In [97]:
import numpy as np
import pandas as pd
from bs4 import BeautifulSoup
from urllib.request import Request, urlopen
from nltk.sentiment import SentimentIntensityAnalyzer
import requests
import re
import tqdm

# List of FNO Stocks

In [98]:
fno_list = pd.read_csv('fno_stocks_list.csv')

drop_words = [' Limited', ' Ltd', ' Industries', 'The ', ' (India)', ' (india)',' Enterprises',' Enterprise', ' Company', ' Laboratories', ' Corporation']
fno_list['Stock'] = fno_list['Stock Name']

for word in drop_words:
    fno_list['Stock'] = fno_list['Stock'].map(lambda x: x.replace(word, ''))
    
fno_list['Stock'] = fno_list['Stock'].map(lambda x: x.lower())
fno_list['Symbol'] = fno_list['Symbol'].map(lambda x: x.lower())
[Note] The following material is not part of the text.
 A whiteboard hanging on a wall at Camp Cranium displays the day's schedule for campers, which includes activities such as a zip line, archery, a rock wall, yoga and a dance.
symbols = fno_list['Symbol'].values
stocks = fno_list['Stock'].values
filter = sorted(list(set(list(symbols) + list(stocks))))


# Request Data from Pulse

In [169]:
link = 'https://pulse.zerodha.com'

request_headers = {
    'user-agent': 'Mozilla/5.0 (Macintosh; Intel Mac OS X 10_15_7) AppleWebKit/605.1.15 (KHTML, like Gecko) Version/17.2.1 Safari/605.1.15'
}

response = requests.get(link, headers=request_headers)
html = BeautifulSoup(response.text, 'html')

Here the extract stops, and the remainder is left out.